Here are a few things I have learned:
Social media isn’t evil as some of my friends have stated. It is a tool only, and sometimes people with evil intentions use the tool improperly. It also appears that some folks like to just dump every thought and emotion they have onto social media with little structure about the point they are trying to make. However, I have found that it is also a tool that can be used in a positive way to expand my network of friends, harvest valuable information from people in the know, and get lots of information out to a focused group.
I have discovered that not all social media services are created equal. Some are more controlling of specific content which can manifest itself in stifling free speech. Some tend to track people and sell their personal activities to who knows who, which I consider unethical and an invasion of individual privacy. However, in the last few years, the number of social media platforms has expanded to include companies that respect people’s privacy and encourage a constructive exchange of ideas.
It is also easy to get hooked on the social media chatter, wasting a lot of time interacting on subjects that can be of questionable value. However, on a cold rainy or snowy day, or when it is blistering hot, social media can be a useful tool for chatting with others and sharing common interest and ideas. Self discipline is important to balance time between time on social media and other activities away from the screen.

I admit that I have received inappropriate information and comments from people who have bad intentions. I have been “attacked” by some who don’t agree with me, and I think that has been the biggest complaint I have heard from people in general. However, the attacks have been very rare, and there are ways to mitigate that kind of activity.
Looking more on the positive side, I have been able to connect with people who have common interests, such as camping, traveling, wildlife photography, history, and DIY projects. For example, a vintage sewing machine interest group helped Virginia and me when we reconditioned a 1918 treadle sewing machine last fall.
The two camping groups I interact with have given me first-hand information about camping sites in the Pacific Northwest when we travel there this summer. Many of these camping places I would never have found on a normal internet search. The wildlife photo groups have also shared places to take wildlife photos, shared photo techniques, and have given me feedback on my photography.
From my perspective, social media is a fancy and flexible email and communications system that is very powerful.

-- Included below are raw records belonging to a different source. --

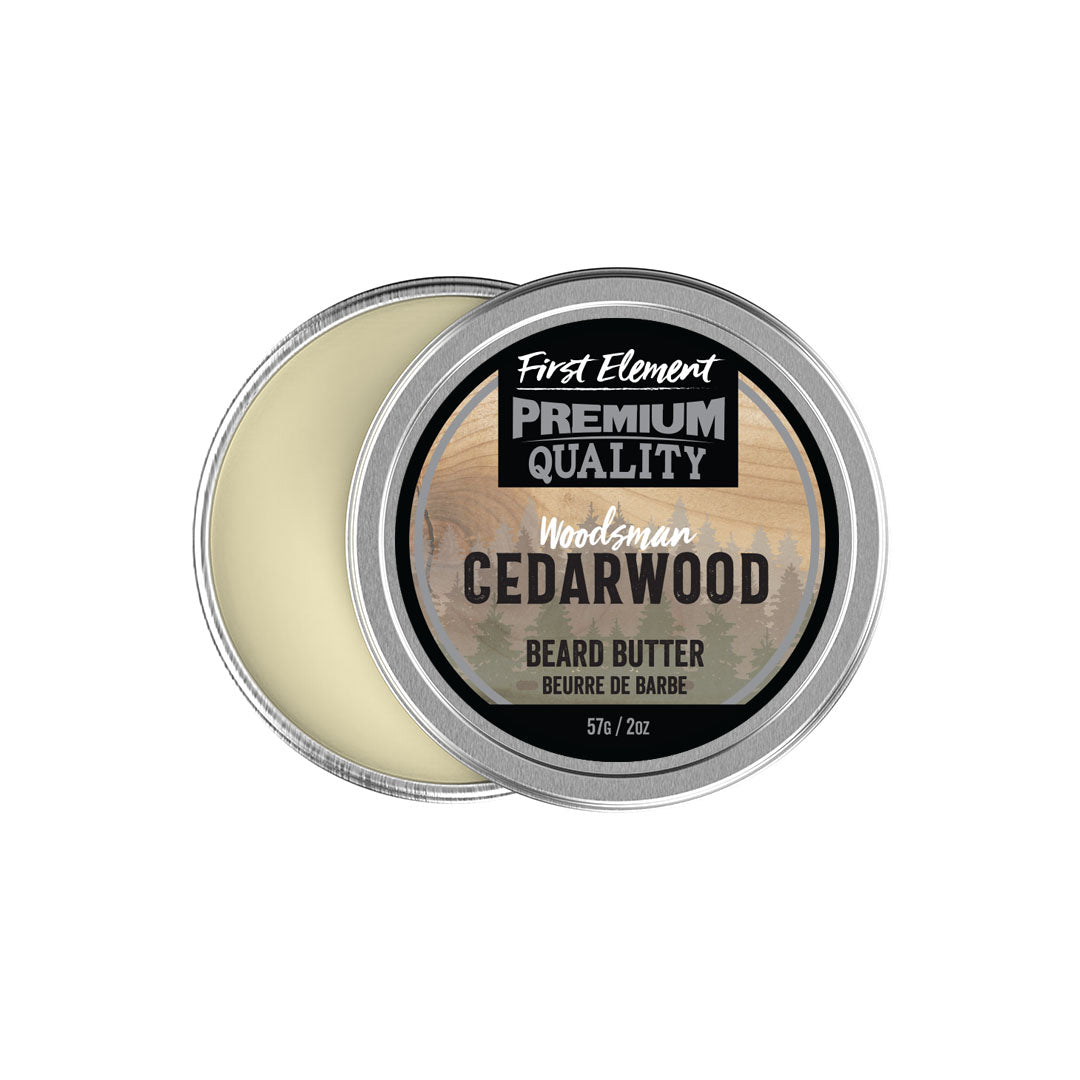 An open round metal tin of First Element Cedarwood Beard Butter, showing the pale cream-colored balm inside and a label with a woodgrain pattern on a white background.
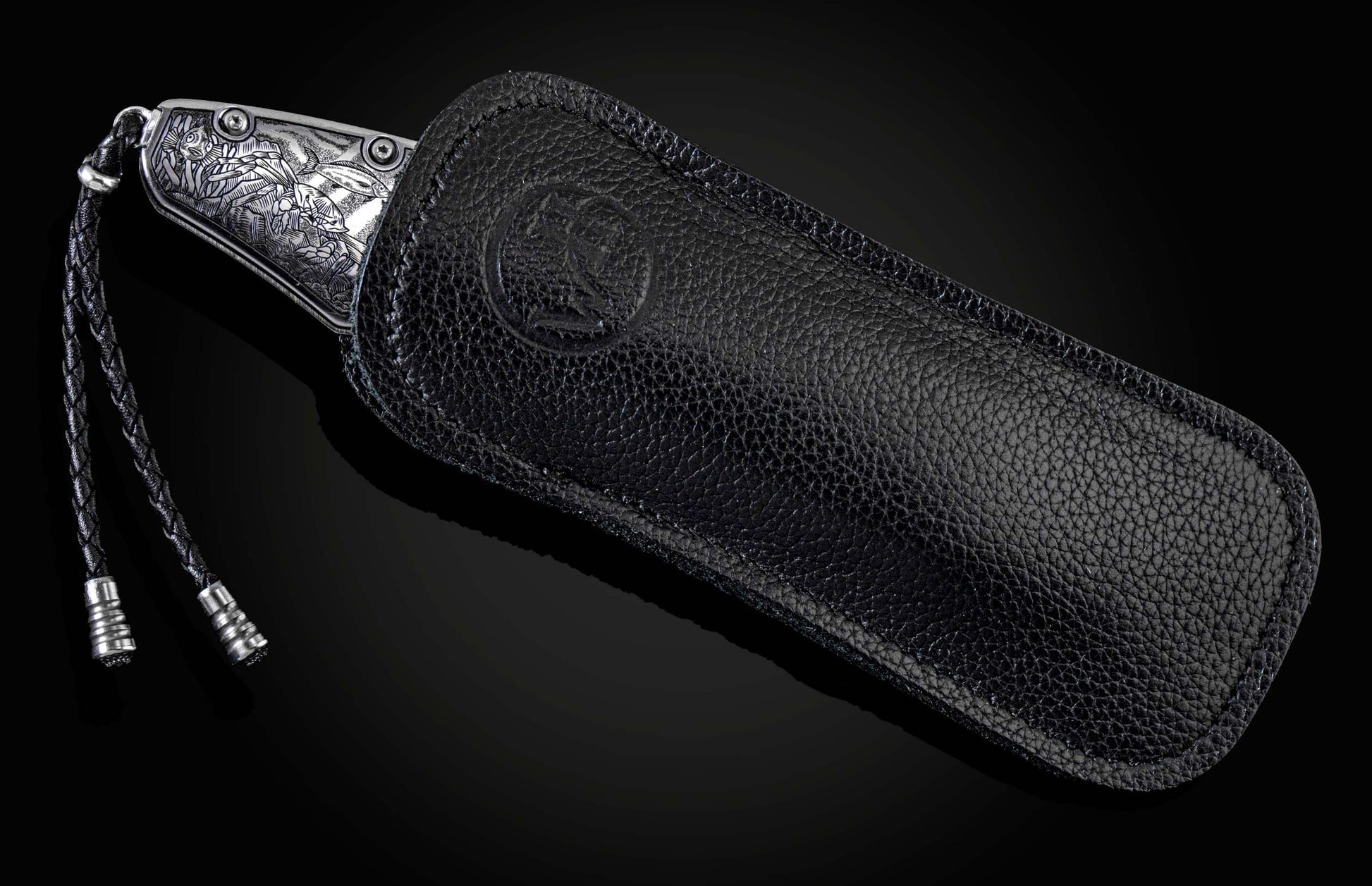  and a hand-forged Damascus steel blade by Chad Nichols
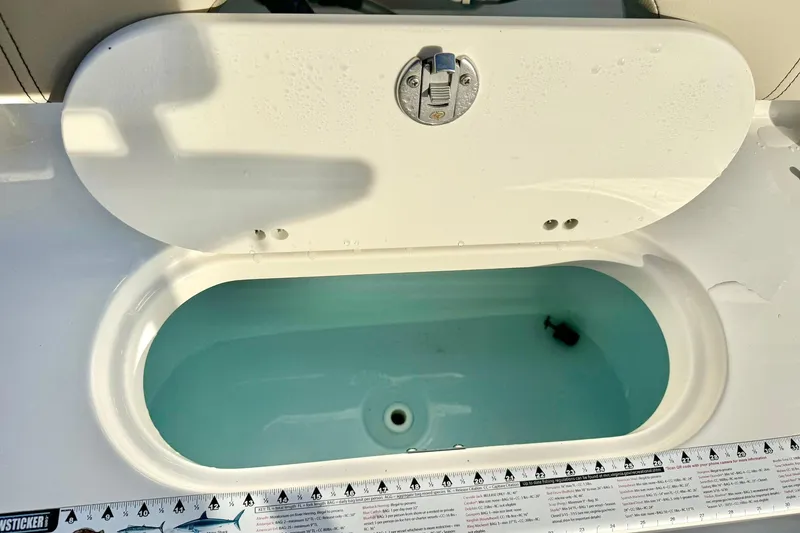 Slide: The Image of Livewell on 2024 Key West 203 FS boat, open lid, filled with water. - 31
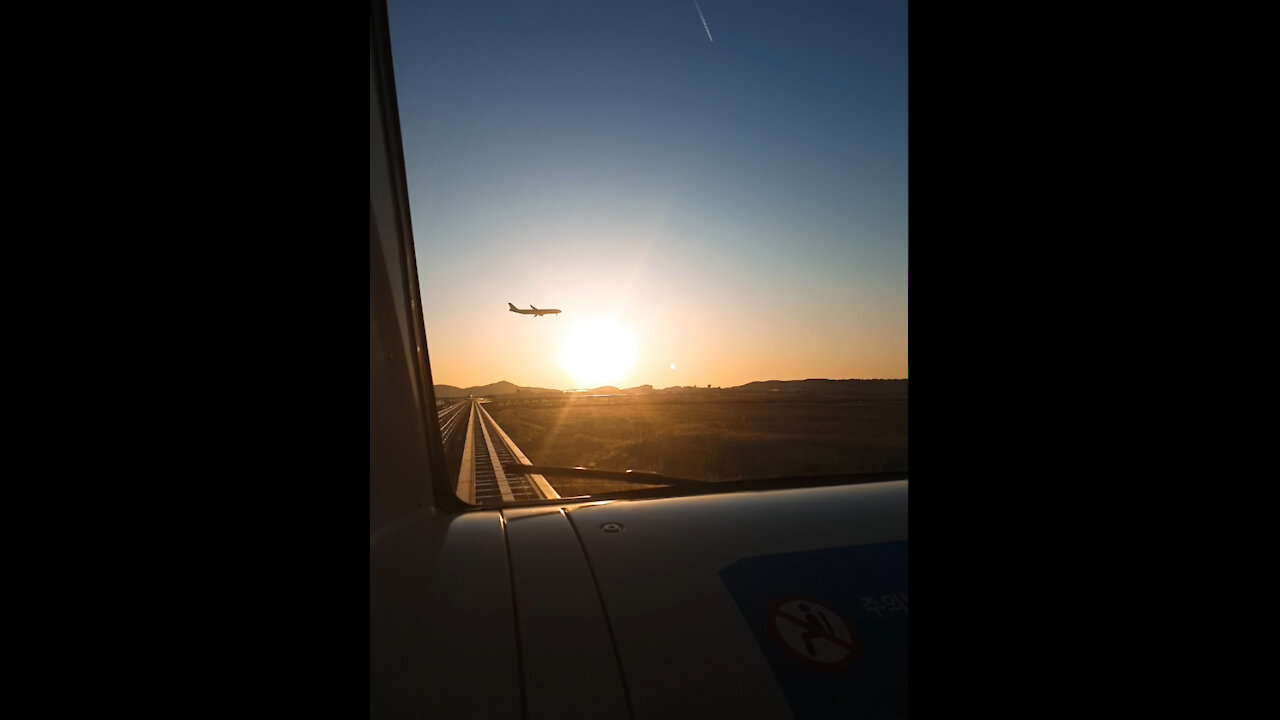 The sunset from the subway and the flying airplane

Where a website is passive in nature, requiring people to go to it, social media is more active in that I can craft whatever information I want to share… words, photos, videos, sketches… target the audience I want to share it with, and push it out to them. My audience can be a specific individual that I have contact with, a specific group that I have common interests with, or I can broadly broadcast to the general public that is using the platform I am on. It is my choice how and with whom I want to communicate. I can also block specific people or information that I am not interested in, i.e. nudity, political opinions, and people I consider — well — wackos. In summary, I can structure my interactions with a very focused group of individuals.
Social media is also a godsend for people who are shut in. My 97-year-old mother used Facebook to keep up with her children and grandchildren. I have a good friend with Parkinson’s who lives in an assisted living facility and has trouble with verbal communications. He was a very active guy, and it is very difficult for him to be so limited in what he can do. But he uses social media to stay connected with his friends and family, and to meet new people, so it helps him stave off depression.

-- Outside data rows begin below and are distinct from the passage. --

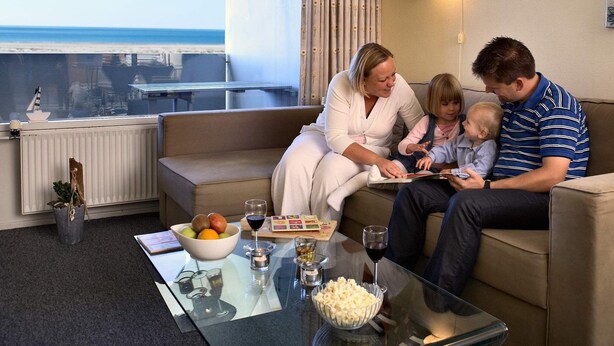 Eine Familie sitzt auf einer Couch mit Blick auf den Ozean, ein Glastisch mit Snacks und Getränken sowie ein Fenster mit Vorhängen.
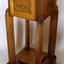 Timber pedestal with flat square base, legs in each corner, supporting square box with cut corners, decorative pattern on sides and lid on top.
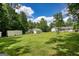 Large backyard and green lawn with several detached garages and sheds at 1130 Rawlings Dr, Rutledge, GA 30663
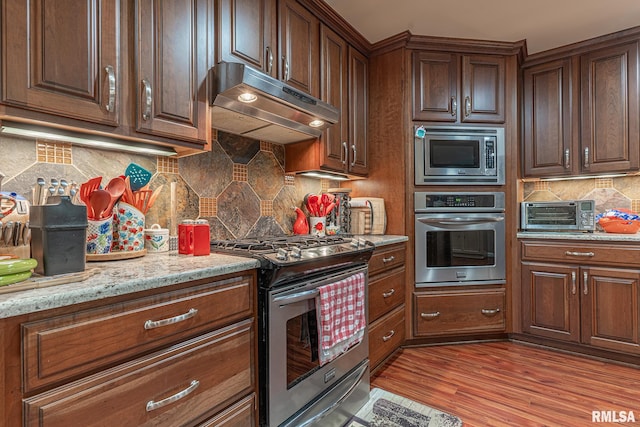 kitchen with light stone countertops, stainless steel appliances, light wood-type flooring, and tasteful backsplash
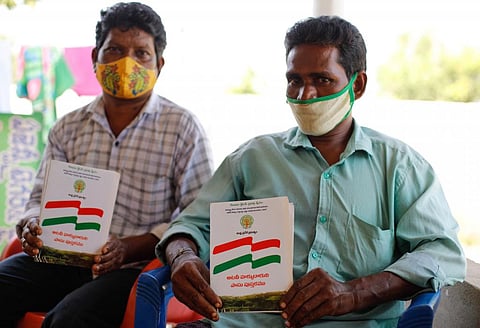 Chimasankurudu Madakam (55) and Kannapraju Madakam (49) have not been able to exercise their land right despite having land deed (in photo). Photo: Vikas Choudhury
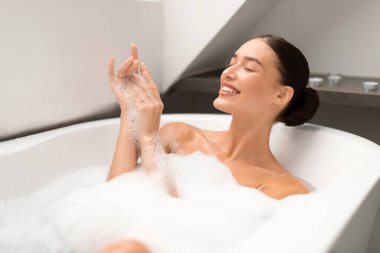 Mutlu bir kadın banyo yaparken, gözleri köpükle kapalıyken ve evdeki modern banyoda ellerini yıkarken mutlu olur. Güzellik Günü 'nde yıkanan kadınlar. Spa ve Şımartma Konsepti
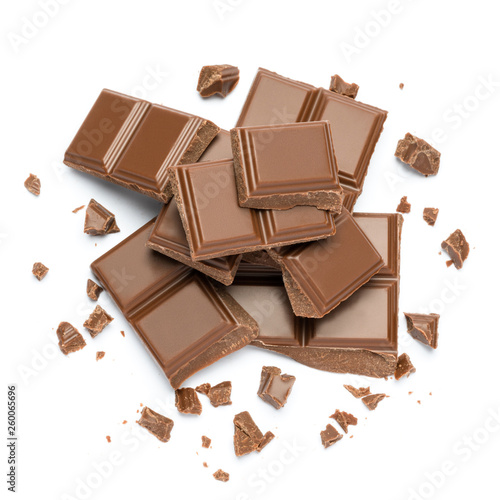 Milk organic chocolate pieces isolated on white background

It is correct to say that social media can be and often is used poorly. But the flipside is that it can also be an effective tool to connect people of common interests, expand one’s circle of friends, and facilitate broadly focused communications with like-minded people.
I freely admit that for years I considered social media as part of the Evil Empire. I resisted it. However, I have learned that social media can be a useful and positive tool that promotes the best of who we are.
As a last thought, a friend of mine recently closed a Zoom conference meeting I was on with the following comment: “Change is inevitable, but growth is optional.” I will add to that: “even for an old guy like me.”